One newsagent a week ago asked me if I could look at his data and see what affect the loss of his paper rounds would have on their business. Although it is a country newsagency, they feel within five years they will lose their territory. Although they had a gut feel, but they wanted me to give them a second opinion.
The situation is that they do about a million dollars a year of which $600,000 a year is of newsagency items, and the rest is lotto. Account customers make up about 24.9% of total sales. Most of the customer account sales are for newspaper deliveries.
Although what our software does very well in providing information in the shop though many reports for shop layout, product placement, periods open, group sell, etc etc etc. This is not much good for speculative stuff.
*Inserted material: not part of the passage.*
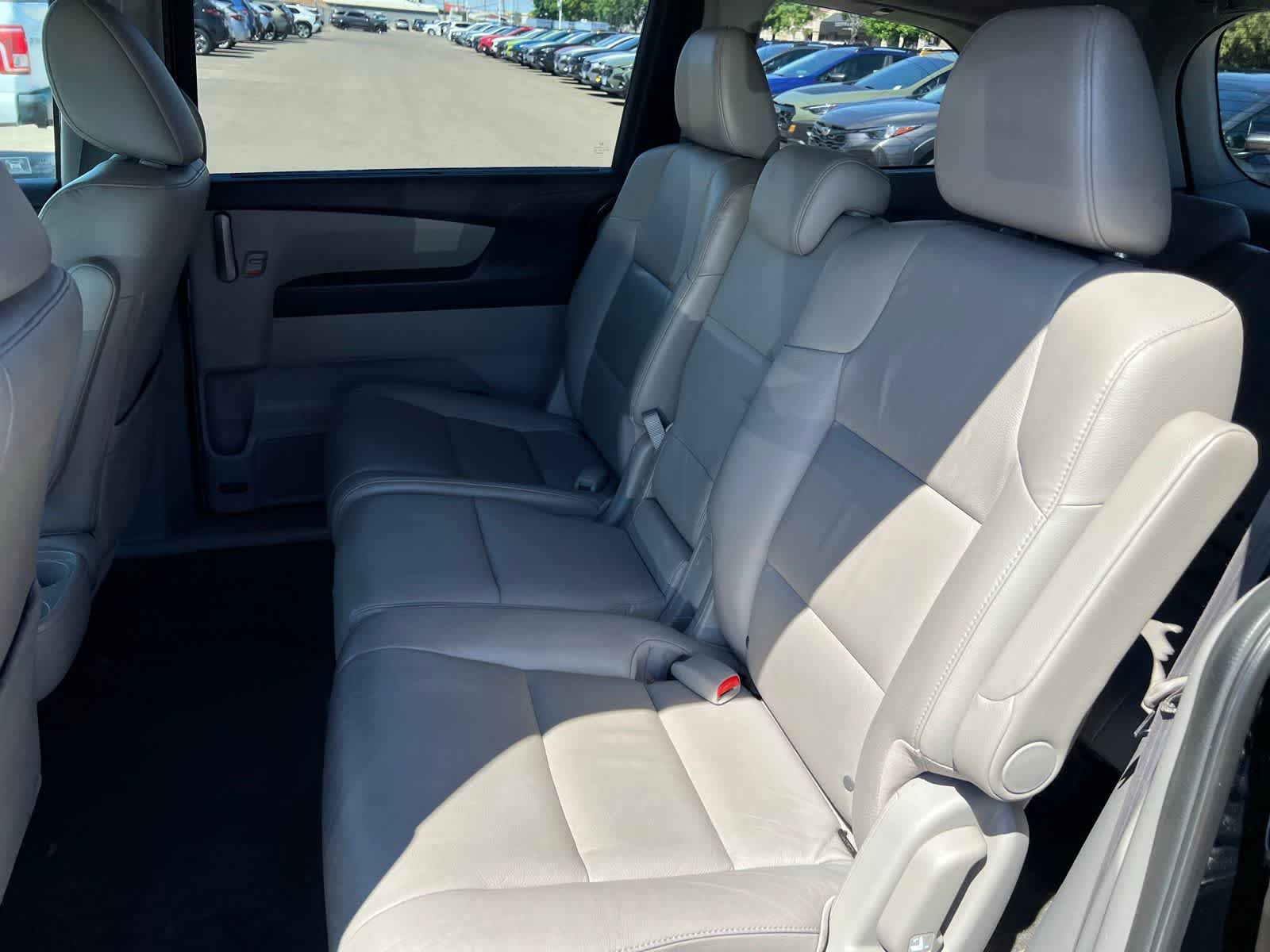 Thumbnail: 2011 Honda Odyssey - 18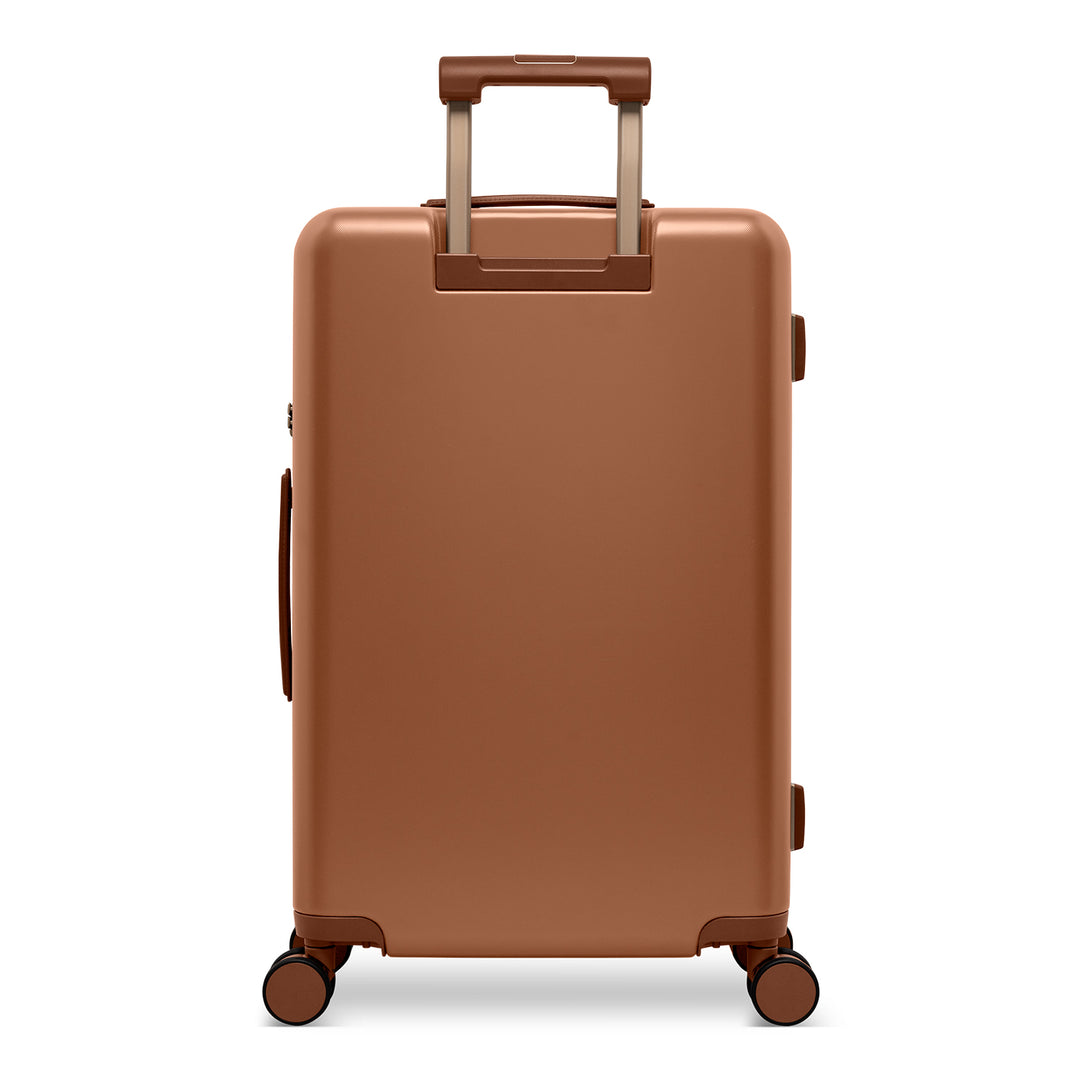 Achterkant van de SUITSUIT Serenity middelmaat koffer 66 in caramel #kleur_caramel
For something like this you need what it is called is big data and data mining. What happens is a computer goes through your data using artificial intelligence, machine learning and statistics looking for patterns, trying to find something. It is all very fascinating and is a rather unique service we offer our clients.
So I looked through their data and was given pages and pages that looked like this.
In English, overall the computer seems to feel that for every dollar lost in customer accounts about 37 cents in retail will be lost to them in other departments. This 37 cents would include 3 cents in newspaper counter sales, a 10 cent drop in magazine sales, 8 cents in stationery and most of the rest in lotto assuming that nothing else's changes.
One point should be added is that things will change as if deliveries stop, the owner will be reducing the shop hours; this will affect sales too, but that is another story.